In its first three and a half years of operation, Louisville’s syringe exchange sites — now totaling six — distributed millions of clean needles to 17,729 unique clients, in addition to referring 684 patients to drug treatment and testing nearly 3,000 for hepatitis C and HIV.
While facing criticism in the program’s initial months for its high ratio of clean needles distributed to used needles returned, the Louisville exchange has maintained a ratio well below 2-to-1 each month over the last three years, with returning clients regularly turning in over 80 percent of their old needles.
Responding to some of the early backlash over the exchange and sensationalized news coverage, Republican members of Metro Council have consistently voiced support for the program and allowing the health department to continue operating under the same model.
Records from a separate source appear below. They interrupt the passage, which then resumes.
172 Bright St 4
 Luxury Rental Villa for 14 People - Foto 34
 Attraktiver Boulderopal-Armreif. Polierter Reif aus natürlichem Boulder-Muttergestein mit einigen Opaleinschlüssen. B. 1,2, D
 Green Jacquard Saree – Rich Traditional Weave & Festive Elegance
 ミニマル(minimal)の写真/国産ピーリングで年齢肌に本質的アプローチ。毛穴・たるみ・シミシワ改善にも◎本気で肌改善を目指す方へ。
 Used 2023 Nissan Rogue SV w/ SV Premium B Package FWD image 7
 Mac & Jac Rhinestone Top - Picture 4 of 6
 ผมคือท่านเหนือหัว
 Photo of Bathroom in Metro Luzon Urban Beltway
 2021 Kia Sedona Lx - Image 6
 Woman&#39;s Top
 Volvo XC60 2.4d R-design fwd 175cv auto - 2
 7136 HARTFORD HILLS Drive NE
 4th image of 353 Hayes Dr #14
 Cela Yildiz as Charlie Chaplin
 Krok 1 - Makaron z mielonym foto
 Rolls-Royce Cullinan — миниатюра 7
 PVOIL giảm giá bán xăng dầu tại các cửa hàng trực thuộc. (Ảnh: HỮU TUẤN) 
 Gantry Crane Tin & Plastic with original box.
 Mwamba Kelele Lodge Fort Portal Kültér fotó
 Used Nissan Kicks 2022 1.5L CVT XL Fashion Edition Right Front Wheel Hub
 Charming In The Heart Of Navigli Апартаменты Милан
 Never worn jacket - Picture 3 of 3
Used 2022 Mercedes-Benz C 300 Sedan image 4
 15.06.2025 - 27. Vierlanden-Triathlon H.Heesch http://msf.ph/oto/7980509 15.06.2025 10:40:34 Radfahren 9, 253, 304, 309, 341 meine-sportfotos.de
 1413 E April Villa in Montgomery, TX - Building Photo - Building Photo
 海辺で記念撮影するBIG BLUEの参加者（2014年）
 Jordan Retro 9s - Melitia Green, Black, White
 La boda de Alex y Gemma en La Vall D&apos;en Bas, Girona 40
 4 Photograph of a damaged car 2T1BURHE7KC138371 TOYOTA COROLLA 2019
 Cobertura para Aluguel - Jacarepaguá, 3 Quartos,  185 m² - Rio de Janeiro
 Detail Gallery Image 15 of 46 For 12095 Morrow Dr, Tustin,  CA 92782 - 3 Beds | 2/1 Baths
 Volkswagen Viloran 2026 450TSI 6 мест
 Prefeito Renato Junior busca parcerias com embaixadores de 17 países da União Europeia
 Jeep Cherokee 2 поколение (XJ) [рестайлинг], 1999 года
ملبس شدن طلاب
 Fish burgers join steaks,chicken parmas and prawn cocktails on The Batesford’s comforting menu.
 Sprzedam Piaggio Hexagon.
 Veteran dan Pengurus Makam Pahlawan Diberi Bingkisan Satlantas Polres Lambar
Public health experts have criticized one-for-one exchange models, while Dr. Sarah Moyer, the director of the Metro Department of Public Health and Wellness, touts their needs-based model as a widely accepted best practice.
“The primary goal of a syringe exchange program is to stop the spread of diseases such as HIV and hepatitis C while also linking drug users to treatment, medical care, and other vital social services,” Moyer told Insider Louisville in a statement.
“A needs-based syringe exchange program, such as ours, is nationally recognized as a best-practice model recommended by the CDC,” she continued. “A one-for-one model presumes people who inject drugs aren’t already sharing syringes and therefore not sharing diseases. Research, and our experience in working with this population tells us this isn’t true. Without a source for clean syringes, they will share dirty ones.”